Then, Miller and Boyett did it again. They put their ever-creative minds together and came up with the idea for a new show. This one was about a Chicago policeman, his wife, and their three kids. That's how Family Matters was born!

According to the producers, the overriding thought behind the show was, "If only their house was as big as their hearts!" This is the story of a warm, big-hearted family. There's lots of love, but not too much room!

Living quarters get even tighter when the wife's sister and her child move in. Space is stretched to the limit when the father's mother takes up residence as well. It's a good thing the members of this family really love each other!

When Miller and Boyett went to put Family Matters together, they started with JoMarie Payton. (She plays the part of Harriette on the show.) JoMarie had grown very popular with TV audiences as the elevator operator on the hit Miller-Boyett sitcom Perfect Strangers. They decided to feature her as the mother on their new comedy Family Matters. The new show would come on right before Perfect Strangers on Friday nights.

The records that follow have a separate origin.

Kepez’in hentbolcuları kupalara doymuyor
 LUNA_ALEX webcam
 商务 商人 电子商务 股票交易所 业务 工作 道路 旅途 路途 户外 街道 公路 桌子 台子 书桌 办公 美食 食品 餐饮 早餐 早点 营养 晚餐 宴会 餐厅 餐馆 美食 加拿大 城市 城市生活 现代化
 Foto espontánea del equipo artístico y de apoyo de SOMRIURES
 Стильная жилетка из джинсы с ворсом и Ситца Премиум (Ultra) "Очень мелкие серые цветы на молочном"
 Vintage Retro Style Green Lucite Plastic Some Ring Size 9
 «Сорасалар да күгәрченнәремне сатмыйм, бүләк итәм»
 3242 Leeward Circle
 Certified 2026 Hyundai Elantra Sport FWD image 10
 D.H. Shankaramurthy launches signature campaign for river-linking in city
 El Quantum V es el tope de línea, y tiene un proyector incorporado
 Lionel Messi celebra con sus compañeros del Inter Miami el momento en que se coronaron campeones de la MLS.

"I really thought I was being fired from Perfect Strangers," JoMarie recalls when she was called into the producer's office. "When they told me I was getting a spinoff, I almost had a heart attack! I love the type of shows Tom and Bob create. I was thrilled to be involved with another one."

What exactly is a Tom Miller and Bob Boyett type of show? They start with the idea of a family, but not just a family of characters. They like the cast and even the crew to feel like they are one big family, all working together.

The family idea also applies to their viewers. When Miller and Boyett created Family Matters, they set out to develop a show that both kids and parents would enjoy. Family Matters is a show everyone wants to watch!

Once JoMarie Payton was selected to star in the show, Miller and Boyett carefully auditioned hundreds of actors for the remaining roles. They came up with the talented cast you see each week, including Reginald VelJohnson (Carl), Telma Hopkins (Rachel), Kellie Shanygne Williams (Laura), Darius McCrary (Eddie), and Rosetta LeNoire (Mother Winslow).

This creative group pulled together to become an ensemble acting company. That means that instead of relying on one or two big stars, the actors all play off each other beautifully. The Family Matters cast members soon got to know each other and became more of a family. Viewers came to see the characters, more and more, as a real-life family. The show began to take off.

There was, however, one more element to be added to the mix before the Family Matters "family" would he complete. Little did the cast know, but the show was about to zoom to the upper stratosphere of success!

It was supposed to be only a one-shot deal. A one-time appearance. One of the show's writers had come up with the funny idea of sending Laura Winslow on the nightmare date of all time. They had to create a character for her to go out with who was such a total nerd that the audience would feel sorry for Laura and laugh as soon as her date walked on screen.

On March 23, 1990, Jaleel White walked on screen as Steve Urkel for the first time. Audiences have been laughing ever since.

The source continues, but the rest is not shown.